Not the birthday present I would have preferred

I seem to have now thoroughly disproved one of my favourite hypotheses, that cytoplasmic genes in the competence regulon act to help cells survive depletion of pools of deoxyribonucleotides (dNTPs).

Last week's experiment tested whether cultures with higher levels of competence were less affected by hydroxyurea, which inhibits synthesis of dNTPs.  It found no correlation, but the conclusions were weakened by presence of many non-competent cells in the cultures.  So in this new experiment I also measured the numbers of surviving cells that had become transformed to novobiocin resistance by marked DNA I added to the cultures.  Because these cells must have been competent to become transformed, their survival should specifically show how hydroxyurea affects competent cells.

The results show that the frequency of transformed cells was not increased by hydroxyurea treatment, in fact it was lowered in 2 of the 4 cultures and unchanged in the other 2.

I tested 4 cultures, each with and without 50 mM hydroxyurea:

• 'Kc' is wildtype cells with competence partially induced by 0.2 mM cyclic AMP (1/5 the dose I used previously).  The expected transformation frequency (TF) in log phase is 10^-5 - 10^-4.
• '5c' is the hypercompetent strain RR563, fully induced by addition of 0.2 mM cAMP.  Expected TF is 10^-3 - 10^-2.
• '5' is the hypercompetent strain RR563.  Expected TF is 10^-5 - 10^-4 in exponential growth, higher in a dense culture.
• '7' is the very hypercompetent strain RR749.  Expected TF is ~ 10^-3.

The first graph shows total cells (cfu) over 4 hr of incubation with (open symbols) and without (solid symbols) hydroxyurea.  The cells are at different densities, all more dense than in the previous experiment, because I also needed to plate for transformants.  With no hydroxyurea the cells grew exponentially as expected (RR749 doubling time 25 min, 5c slower because of the cAMP, and Kc and 5 slowing down as they became dense.  Growth of the two relatively dense low-competence cultures (Kc and 5) was only transiently slowed by hydroxyurea, whereas growth of the two low-density maximally competent cultures stopped and cell numbers fell.

The second graph (below) shows the transformation results, which should reflect the growth and survival of the competent cells in each culture. (The dashed line and red arrow indicate an 'upper-limit' data point where no transformants were seen.)  For wildtype cells + cAMP (blue lines) hydroxyurea had identical effects on competent and non-competent cells.  For the fully hypercompetent strain RR749 (purple) the competent cells were slightly more affected.  For the partially hypercompetent strain RR563 (green), transformants were reduced about 5-fold by hydroxyurea, and for RR563 + cAMP (red) transformation was decreased 10-fold at 90 min and undetectable at 230 min (dashed line and red arrow).

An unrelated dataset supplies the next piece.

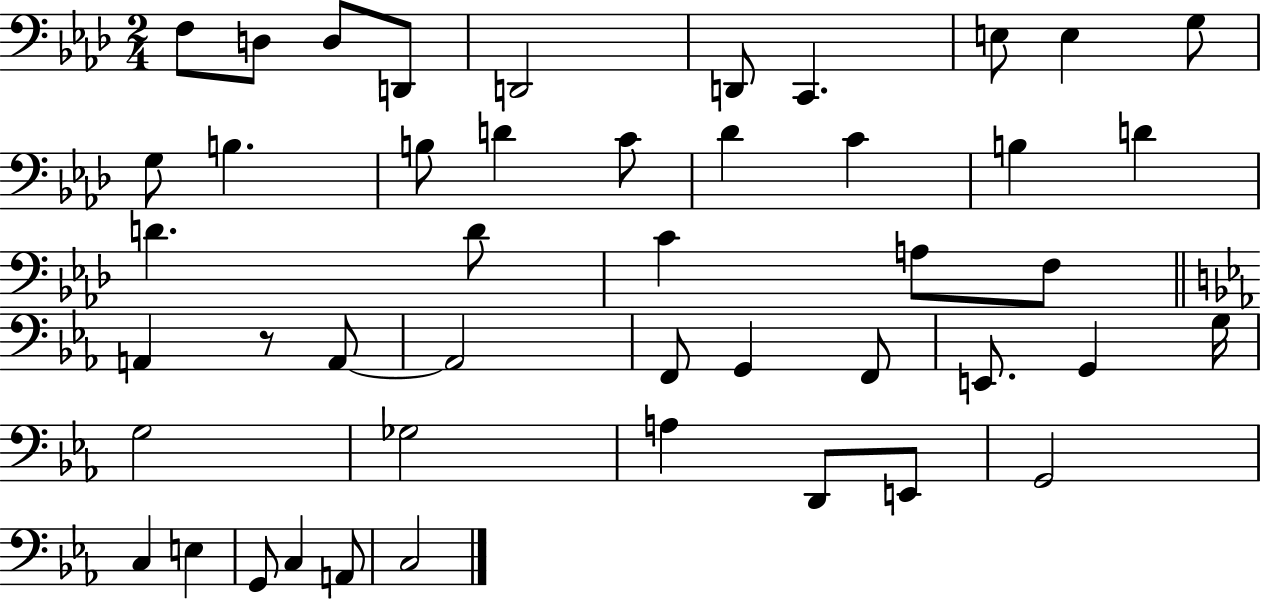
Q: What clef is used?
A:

I left the cultures shaking overnight and plated them again the next day (graphs below).  I'm only showing this for completeness; it doesn't really add anything to the conclusions.  All the no-hydroxyurea cultures were at about 10^9 cfu/ml, and the hydroxyurea cultures were between 10^4 and 10^7 cfu/ml.  The transformation frequencies of the hydroxyurea cultures were the same as (wildtype + cAMP) or about 10-fold lower than their untreated counterparts.

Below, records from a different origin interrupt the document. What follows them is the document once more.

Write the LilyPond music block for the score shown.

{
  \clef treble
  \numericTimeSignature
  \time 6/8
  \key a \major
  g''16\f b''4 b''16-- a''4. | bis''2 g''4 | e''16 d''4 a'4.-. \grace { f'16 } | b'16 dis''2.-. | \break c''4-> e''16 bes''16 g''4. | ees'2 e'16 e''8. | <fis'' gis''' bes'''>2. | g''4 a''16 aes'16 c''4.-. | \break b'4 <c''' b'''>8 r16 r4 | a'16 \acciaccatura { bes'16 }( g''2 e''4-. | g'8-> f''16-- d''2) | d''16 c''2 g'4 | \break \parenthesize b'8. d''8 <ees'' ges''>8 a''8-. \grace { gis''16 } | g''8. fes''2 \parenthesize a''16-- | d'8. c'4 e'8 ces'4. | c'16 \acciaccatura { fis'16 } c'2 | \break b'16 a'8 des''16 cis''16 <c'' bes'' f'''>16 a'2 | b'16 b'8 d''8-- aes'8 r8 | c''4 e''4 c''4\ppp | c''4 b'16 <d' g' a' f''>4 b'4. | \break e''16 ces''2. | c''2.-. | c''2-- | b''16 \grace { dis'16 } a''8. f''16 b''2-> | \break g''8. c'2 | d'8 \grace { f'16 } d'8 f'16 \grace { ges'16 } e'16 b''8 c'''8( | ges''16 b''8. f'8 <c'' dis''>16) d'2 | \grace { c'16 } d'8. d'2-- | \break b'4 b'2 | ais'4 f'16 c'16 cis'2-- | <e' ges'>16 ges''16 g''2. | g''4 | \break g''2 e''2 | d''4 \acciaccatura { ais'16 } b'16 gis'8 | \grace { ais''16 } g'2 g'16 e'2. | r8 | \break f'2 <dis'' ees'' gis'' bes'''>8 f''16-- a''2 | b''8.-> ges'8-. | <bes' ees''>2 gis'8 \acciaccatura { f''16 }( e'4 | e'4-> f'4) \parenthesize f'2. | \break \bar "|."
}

I can think of some caveats, but they're quite weak. For example, it's possible that hydroxyurea prevents competent cells from becoming transformed, or causes them to become unable to take up DNA.  There may also have been a confounding effect of cell density - the two relatively dense cultures were much less affected by the hydroxyurea.

But overall, the obvious conclusion is that being competent does not help cells survive or grow when dNTP pools are depleted by hydroxyurea treatment.  So I wonder what the cytoplasmic genes in the competence regulon contribute.  It's certainly possible that they've been selected  for their recombination-enhancing effects, as everyone else assumes, but this depends on the assumption that recombination is the funciton of DNA uptake, which I still think very unlikely.